3. The drug regulatory authority shall appoint such other officers as may be necessary to assist the Drug Regulatory Authority (Board) to perform duties and to exercise powers under this Law. Such officers shall be known as “authorized officers”.

For purposes of inspection, supervision and monitoring, the drug regulatory authority [or Board] will need the assistance of other officers. The number and type of officers needed depend essentially on the profile of the pharmaceutical industry. However, it is important that the manpower needs for implementing the Law are duly taken into consideration in the health manpower planning process.

4. The Minister shall, in consultation with the drug regulatory authority appoint a Medicinal Products Advisory Committee to advise the drug regulatory authority on any general matter concerning the implementation of the technical aspects of the Law or with regard to any specific medicinal product.

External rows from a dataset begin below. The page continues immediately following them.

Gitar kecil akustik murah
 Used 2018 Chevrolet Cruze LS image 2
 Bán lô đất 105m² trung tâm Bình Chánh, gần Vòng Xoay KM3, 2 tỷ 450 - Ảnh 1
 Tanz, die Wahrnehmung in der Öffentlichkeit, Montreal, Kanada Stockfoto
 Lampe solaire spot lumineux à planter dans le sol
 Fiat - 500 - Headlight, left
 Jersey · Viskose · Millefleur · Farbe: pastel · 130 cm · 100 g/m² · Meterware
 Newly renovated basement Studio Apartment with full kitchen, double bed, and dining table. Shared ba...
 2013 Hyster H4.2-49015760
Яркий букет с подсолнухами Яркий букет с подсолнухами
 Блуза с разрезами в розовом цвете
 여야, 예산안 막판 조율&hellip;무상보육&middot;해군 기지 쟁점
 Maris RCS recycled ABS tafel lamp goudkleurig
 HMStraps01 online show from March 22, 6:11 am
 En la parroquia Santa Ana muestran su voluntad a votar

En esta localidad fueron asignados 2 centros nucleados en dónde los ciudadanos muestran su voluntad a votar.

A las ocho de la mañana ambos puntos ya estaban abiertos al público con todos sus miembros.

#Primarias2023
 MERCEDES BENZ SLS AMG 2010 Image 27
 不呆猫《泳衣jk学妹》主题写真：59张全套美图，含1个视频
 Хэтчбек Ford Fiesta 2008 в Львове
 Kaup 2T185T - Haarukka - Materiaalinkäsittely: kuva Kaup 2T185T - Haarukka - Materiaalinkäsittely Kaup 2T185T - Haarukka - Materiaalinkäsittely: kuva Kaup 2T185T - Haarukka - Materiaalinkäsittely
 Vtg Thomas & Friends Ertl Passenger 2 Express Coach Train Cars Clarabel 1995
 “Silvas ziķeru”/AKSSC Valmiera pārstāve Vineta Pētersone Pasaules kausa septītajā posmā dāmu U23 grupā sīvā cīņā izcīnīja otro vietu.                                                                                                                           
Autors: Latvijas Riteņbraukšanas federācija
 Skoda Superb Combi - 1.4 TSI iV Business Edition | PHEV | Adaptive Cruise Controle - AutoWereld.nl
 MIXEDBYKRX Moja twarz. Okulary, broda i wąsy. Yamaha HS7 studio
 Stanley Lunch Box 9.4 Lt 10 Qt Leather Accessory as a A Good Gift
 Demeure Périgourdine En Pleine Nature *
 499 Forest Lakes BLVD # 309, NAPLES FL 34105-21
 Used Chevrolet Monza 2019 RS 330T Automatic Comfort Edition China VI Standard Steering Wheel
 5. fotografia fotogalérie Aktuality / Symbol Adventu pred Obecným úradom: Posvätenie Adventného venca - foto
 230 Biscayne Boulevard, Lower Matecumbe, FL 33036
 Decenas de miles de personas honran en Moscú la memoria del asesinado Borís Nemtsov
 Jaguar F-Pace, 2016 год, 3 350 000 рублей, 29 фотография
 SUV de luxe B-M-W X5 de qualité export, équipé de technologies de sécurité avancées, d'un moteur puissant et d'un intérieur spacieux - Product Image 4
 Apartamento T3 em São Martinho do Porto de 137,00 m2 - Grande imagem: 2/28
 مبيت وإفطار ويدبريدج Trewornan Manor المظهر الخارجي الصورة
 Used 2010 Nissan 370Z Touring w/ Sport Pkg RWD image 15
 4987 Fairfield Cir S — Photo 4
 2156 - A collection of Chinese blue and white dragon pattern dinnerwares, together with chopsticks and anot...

It is envisaged that the Committee will provide guidance on technical/scientific as well as administrative matters. As there are significant differences, even in small countries, in the availability of pharmacologists, medical practitioners, and pharmacists who can be considered for appointment to a Committee of this nature, the legislative scheme does not address issues such as composition, size, quorum, working procedures and other aspects. Committee members should be free from conflict of interest. These are matters to be regulated by way of regulations promulgated under the Law. The drug regulatory authority should be an ex-officio member; ideally, such an officer should serve as the secretary of the Committee as well.